Gray Areas: Cost to see the Boss proves a little too steep for fans

Entertainment Editor Andy Gray

It’s 10:15 a.m. Wednesday as I write this, and unless there is a change in the setlist, I expect to hear Rage Against the Machine play Bruce Springsteen’s “The Ghost of Tom Joad” later Wednesday at Rocket Mortgage FieldHouse.

That may be the only Springsteen song I’ll be hearing at the Cleveland arena for the foreseeable future.

Tickets went on sale at 10 a.m. for Bruce Springsteen & the E Street Band’s April 5, 2023, concert at the venue. It’s Springsteen’s first tour with the band in seven years and, with Clarence Clemons and Danny Federici already gone and nearly everyone else in their 70s, there’s a feeling this could be the “last chance” to see the E Street Band in action.

And I’ve seen plenty of action with E Street Band — three shows on the ’80-’81 River tour, two on the “Born In the USA” tour, including the 1985 Cleveland Municipal Stadium concert, which I’m pretty sure was the first concert review I wrote for the Tribune Chronicle; a couple of “Tunnel of Love” tour dates; the 1999 reunion tour; “The Rising” tour, etc.

I got engaged on a trip planned around seeing Springsteen in Philadelphia in 1988 on an Amnesty International tour with Sting, Peter Gabriel, Tracy Chapman and Joan Baez. I saw the E Street Band back multiple legends at the concert that opened the Rock & Roll Hall of Fame in 1995. I saw Springsteen solo in Youngstown singing “Youngstown” and later opening for a future president. I saw him with R.E.M., John Fogerty and Bright Eyes encouraging us to “Vote for Change,” and I saw him the night before Election Day with a candidate who didn’t become president.
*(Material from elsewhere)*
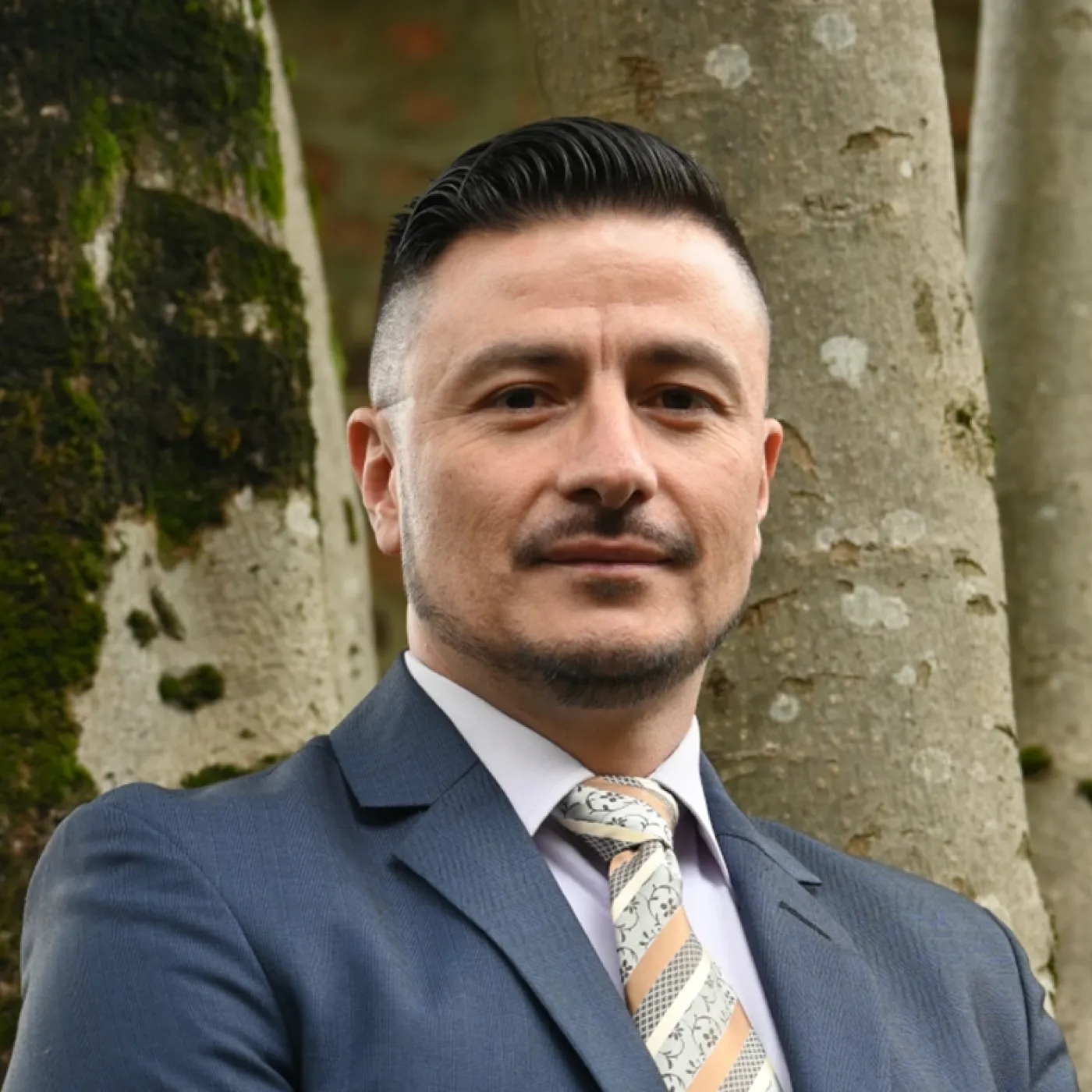 Carlos Julio  Vergara Vélez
To the long-term fans who scoff at any Springsteen fan whose concert list doesn’t reach triple figures, I’m a newbie at around 25 shows. But I’ve easily spent more money to see Springsteen than any other performer in my lifetime.

After waiting a half hour in the Seat Geek queue before I even had the option to buy tickets, I couldn’t bring myself to pull the trigger.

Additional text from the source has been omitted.